Interview mit Eva Groterath

San.-Rätin Eva Groterath
Oberärztin, Pädiatrie, Klinikum Saarbrücken, im Vorstand der Ärztekammer

 

„Der ökonomische Druck wächst.“

 

 

 

MB Saarland: Warum ist die Ärztekammer für Ärztinnen und Ärzte wichtig?

Eva Groterath: Die Ärztekammer ist die Vertretung aller Ärztinnen und Ärzte. Wir Ärzte haben die Möglichkeit über diese Selbstverwaltung unsere Sachkunde und Erfahrung einzubringen und die Arbeit in der Ärztekammer aktiv zu gestalten, denn dort werden Entscheidungen über die grundsätzlichen Belange der Ärzteschaft getroffen, etwa die Weiterbildungsordnung festgelegt.

Gerade in diesen gesundheitspolitisch schwierigen Zeiten ist die Ärztekammer eine einflussreiche Institution. Sie vertritt im Dialog mit der Politik die ethischen Leitlinien der Ärzteschaft und verteidigt die unabhängige ärztliche Entscheidung zum Wohl der Patienten. Daher ist es wichtig, dass angestellte Ärztinnen und Ärzte dort aktiv sind, um so ihre Interessen zu vertreten.

Welchen Einfluss hat die Ärztekammer auf die tägliche Arbeit der Ärztinnen und Ärzte?
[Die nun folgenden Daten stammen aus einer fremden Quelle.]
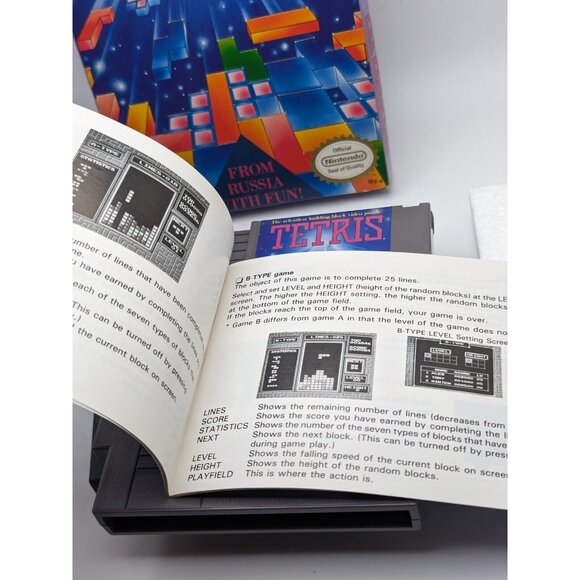 Tetris (Nintendo NES, 1985) CIB w/ Box, Cart, Sleeve, Manual ~ Tested & Works - Picture 12 of 12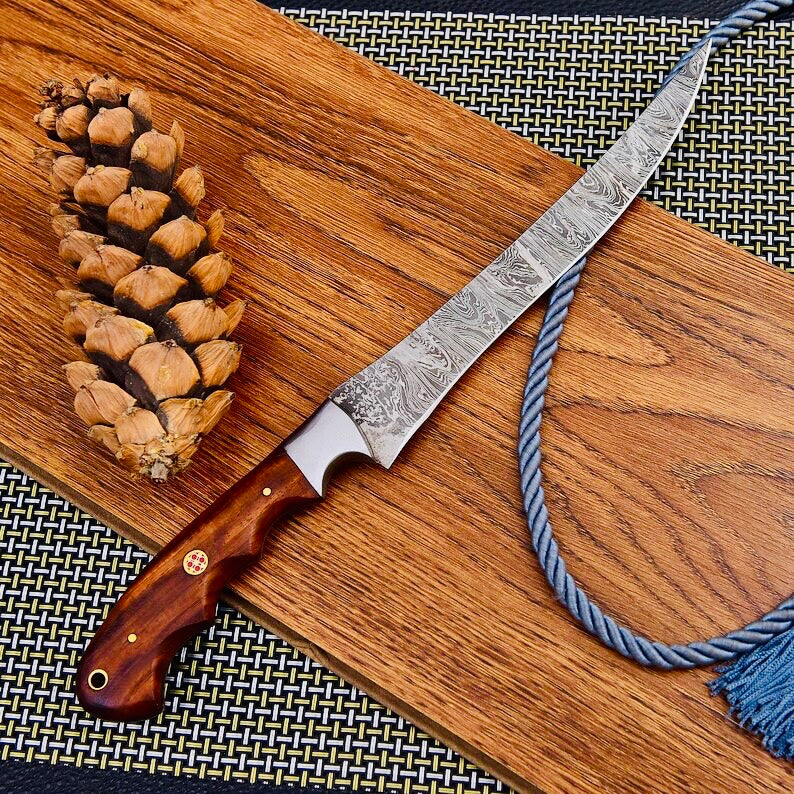 Custom Handmade Damascus Steel Fishing Fillet Knife – 13 Inches, Rosewood Handle with Steel Bolster, Sharp Edge Blade, Leather Sheath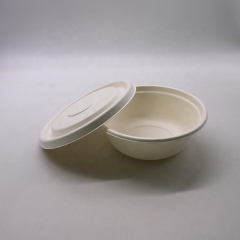 Bol de bagasse de canne à sucre compostable biodégradable de 16 oz 500 ml avec couvercle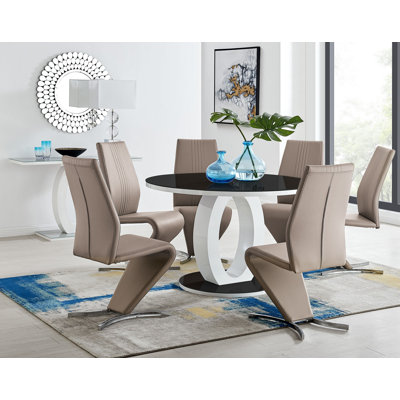 Scottsmoor Modern Halo Seat Round Dining Table Set - 6 Luxury Modern Dining Chairs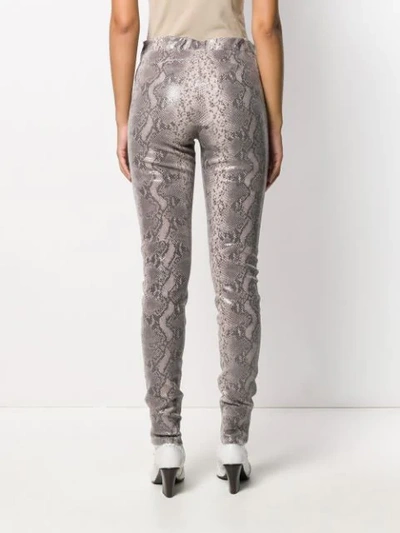 Shop Arma Snakeskin Effect Skinny Trousers In Grey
Im Alltag der Ärztinnen und Ärzte ist die Ärztekammer nicht unmittelbar präsent. Kolleginnen und Kollegen verbinden meist etwas Negatives mit der Kammer, wie Gebühren und Regelungen. Da wir aber alle Pflichtmitglieder sind, ist es wichtig, dass wir uns auch engagieren. Dabei brauchen wir die Erfahrung der älteren, ebenso wie neue Ideen der jüngeren Kollegen.

Welche Schwierigkeiten wird es für den ärztlichen Beruf in Zukunft geben?

Durch den Ärztemangel und andere gesundheitspolitische Entwicklungen wächst der ökonomische Druck. Diesem Druck standzuhalten und dabei insbesondere das Vertrauensverhältnis zwischen Arzt und Patient nicht zu gefährden, ist eine unserer großen Aufgaben für die Zukunft. Der Patient verlässt sich auf unsere unabhängige ärztliche Entscheidung, die ausschließlich seinem Wohl dienen soll. Dieses Vertrauensverhältnis darf durch den Fokus auf betriebswirtschaftliche Interessen nicht zerstört werden.